Karl Winkler, director of business development for Lectrosonics, noted the introduction of microphones with USB interfaces, like those from Blue, MXL and Samson, as a trend from the past year, though he notes that digital mic interface on the high end hasn’t seen similar activity. “Some of the interesting products we saw a couple of years ago,” says Winkler, “including the Neumann Solution-D, the AT895 and the Microtech Gefell KEM970 appear not to have spawned a lot of imitators or even subsequent versions. Perhaps the market is still not yet ready for digital microphones and the interfaces changes that would be required. I think until the mating side, i.e. console and workstation manufacturers see the need for digital microphone interfaces, we probably won’t see much movement in the marketplace.”

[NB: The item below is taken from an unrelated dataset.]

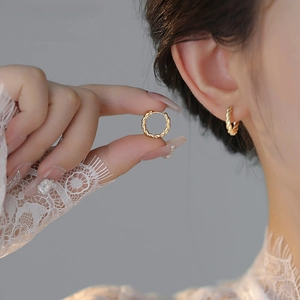 Elegant twisted gold hoop earrings for women with high-shine metallic texture finish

Dawn Birr, product manager at Sennheiser for Neumann, True Systems and Klein + Hummel, comments that “Neumann is always interested in bringing new design possibilities or opportunities to the market. In the last two years, Neumann designed and brought to market a new line of broadcast microphones–the BCM line–which is aesthetically unlike any microphone design produced in the history of Neumann. It was built around the ideas of ease of use and common-sense functionality for the broadcast professional. Broadcast is a new arena for Neumann to directly expand into, however Neumann had something new and fresh to offer. The BCM 104 is the Neumann condenser broadcast microphone, and we followed it up with the BCM 705 dynamic microphone. The dynamic was a first for Neumann, and a great opportunity that allowed us to look to our relationship with Senneheiser for inspiration.”
Birr further sees an influx of microphones that are trying to achieve a “one size fits all” role. “In general, the trend to make one microphone, or a few microphones, do the work of a full mic closet, seems to be more and more the goal of the market as we see the semi-professional recording enthusiast begin to really make a difference in the home studio arena. To that end, the recording studio market continues to be full of a variety of large-diaphragm studio condensers that look a lot alike, at a variety of price points from a variety of manufacturers from all over the world. Customers are becoming more savvy about the cost vs. quality aspects of microphones and the fact that an investment in a quality transducer will pay off for years.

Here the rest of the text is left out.